Jackie, the brain behind the whole project, is a freerider with a background in mogul skiing. She has had multiple victories in the Freeride world tour and has also won Verbier Xtreme.
Her husband Reine is also well known in the freeride community and is maybe one of the most experienced freeriders out there, notorious for stomping high cliff drops and also being victorious in the Freeride World Tour. And just like me, Reine is very Swedish.
The team setup seemed to be perfect. Strong climbers and strong skiers working together to achieve something that to our knowledge and diligent research, no one else had previously done. Especially with the inclusion of the ‘new’ 2000-metre peak, which was discovered during a remeasurement five years before this expedition.
So here we are, a skiing camera guy with two mountain guides and two freeriders crossing the vast wilderness of Swedish Lapland, the largest province in Sweden where the biggest mountains are located and where the phone reception is the worst. Unless you are standing on the top of one of those mountains of course.
Our starting point Kvikkjokk is located about 50 km north of the arctic circle and lays roughly in the middle of the famous Kungsleden trail, which is internationally recognised as being one of the most beautiful hiking trails in the world. It’s also heavily populated by Germans with low cut trekking boots during summer season.
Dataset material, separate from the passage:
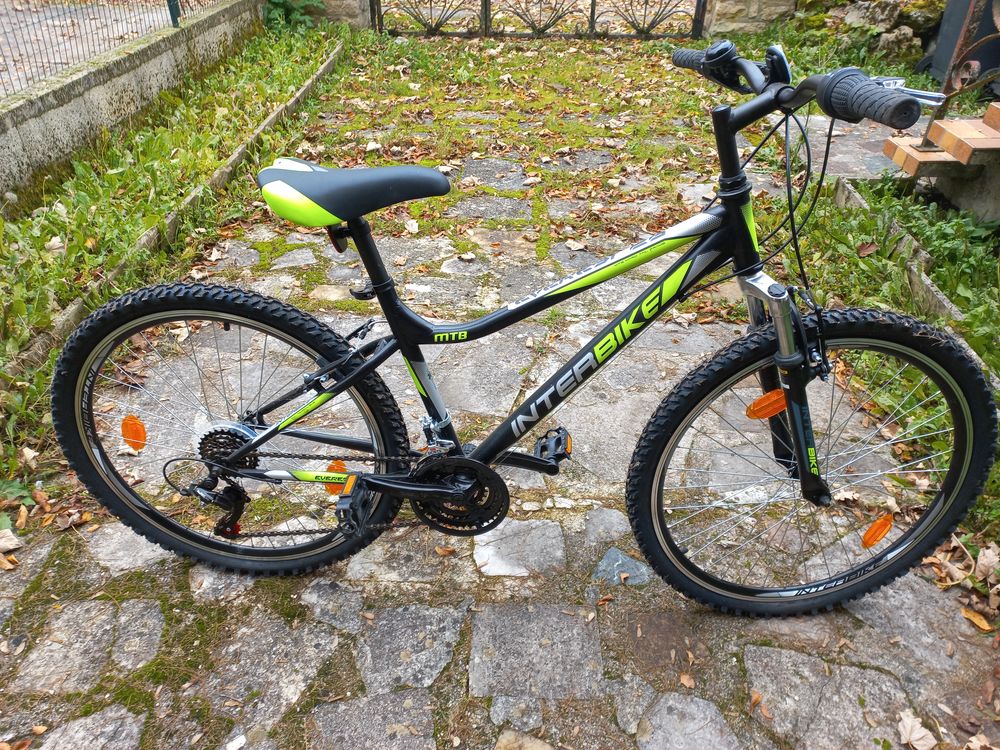 V&eacute;lo neuf jamais servi V�los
The traverse route covers a distance that partly uses Kungsleden, but more interestingly passes through two of Sweden’s 29 national parks; Sarek and Stora Sjöfallet. Sarek is often referred to as Europe’s last wilderness with almost 100 glaciers and beautiful river deltas that run through long winding valleys, dramatically populated by weather beaten birch trees with fewer branches than freshly made flag poles.
Leaving our first camp after our marathon day and heading out towards the other peaks, it became obvious that there was tension in the group, among other things a divided opinion on our travelling pace. The La Grave couple wanted to go a bit faster and the Swede couple wanted the pace to be a bit more on the calorie saving side. As I was trying to make the best film possible as a one man band and also trying to grab some stills, I was leaning more towards the calorie saving idea, especially with all the daylight the Arctic offers during this time of year. We could of course split up and go at whatever pace we wanted, but for sake of safety and filming it would be a bit impractical.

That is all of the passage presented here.